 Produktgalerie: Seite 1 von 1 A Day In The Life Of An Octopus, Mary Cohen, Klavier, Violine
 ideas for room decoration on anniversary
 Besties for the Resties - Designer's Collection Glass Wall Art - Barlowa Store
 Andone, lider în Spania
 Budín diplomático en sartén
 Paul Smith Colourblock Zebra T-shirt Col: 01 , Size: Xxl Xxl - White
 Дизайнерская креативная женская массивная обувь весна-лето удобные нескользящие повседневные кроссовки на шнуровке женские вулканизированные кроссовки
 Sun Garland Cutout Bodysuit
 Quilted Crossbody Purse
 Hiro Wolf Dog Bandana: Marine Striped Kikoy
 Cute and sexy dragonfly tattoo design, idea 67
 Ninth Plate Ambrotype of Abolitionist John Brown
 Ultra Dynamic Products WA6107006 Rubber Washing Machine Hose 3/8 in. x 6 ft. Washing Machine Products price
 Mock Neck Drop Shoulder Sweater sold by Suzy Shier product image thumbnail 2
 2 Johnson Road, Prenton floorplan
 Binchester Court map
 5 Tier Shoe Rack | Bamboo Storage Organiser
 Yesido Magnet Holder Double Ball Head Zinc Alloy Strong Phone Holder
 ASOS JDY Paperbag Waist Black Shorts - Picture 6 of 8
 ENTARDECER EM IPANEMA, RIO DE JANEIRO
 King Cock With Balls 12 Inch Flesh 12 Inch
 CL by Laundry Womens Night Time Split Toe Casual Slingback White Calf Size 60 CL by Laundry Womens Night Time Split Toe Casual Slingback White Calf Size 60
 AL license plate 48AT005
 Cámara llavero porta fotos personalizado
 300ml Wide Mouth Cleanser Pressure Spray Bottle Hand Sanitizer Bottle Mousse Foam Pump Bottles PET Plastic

#####

**EXERCISE:** Every line of the records above needs to be given again exactly.

**WRITTEN ANSWER:**
 Produktgalerie: Seite 1 von 1 A Day In The Life Of An Octopus, Mary Cohen, Klavier, Violine
 ideas for room decoration on anniversary
 Besties for the Resties - Designer's Collection Glass Wall Art - Barlowa Store
 Andone, lider în Spania
 Budín diplomático en sartén
 Paul Smith Colourblock Zebra T-shirt Col: 01 , Size: Xxl Xxl - White
 Дизайнерская креативная женская массивная обувь весна-лето удобные нескользящие повседневные кроссовки на шнуровке женские вулканизированные кроссовки
 Sun Garland Cutout Bodysuit
 Quilted Crossbody Purse
 Hiro Wolf Dog Bandana: Marine Striped Kikoy
 Cute and sexy dragonfly tattoo design, idea 67
 Ninth Plate Ambrotype of Abolitionist John Brown
 Ultra Dynamic Products WA6107006 Rubber Washing Machine Hose 3/8 in. x 6 ft. Washing Machine Products price
 Mock Neck Drop Shoulder Sweater sold by Suzy Shier product image thumbnail 2
 2 Johnson Road, Prenton floorplan
 Binchester Court map
 5 Tier Shoe Rack | Bamboo Storage Organiser
 Yesido Magnet Holder Double Ball Head Zinc Alloy Strong Phone Holder
 ASOS JDY Paperbag Waist Black Shorts - Picture 6 of 8
 ENTARDECER EM IPANEMA, RIO DE JANEIRO
 King Cock With Balls 12 Inch Flesh 12 Inch
 CL by Laundry Womens Night Time Split Toe Casual Slingback White Calf Size 60 CL by Laundry Womens Night Time Split Toe Casual Slingback White Calf Size 60
 AL license plate 48AT005
 Cámara llavero porta fotos personalizado
 300ml Wide Mouth Cleanser Pressure Spray Bottle Hand Sanitizer Bottle Mousse Foam Pump Bottles PET Plastic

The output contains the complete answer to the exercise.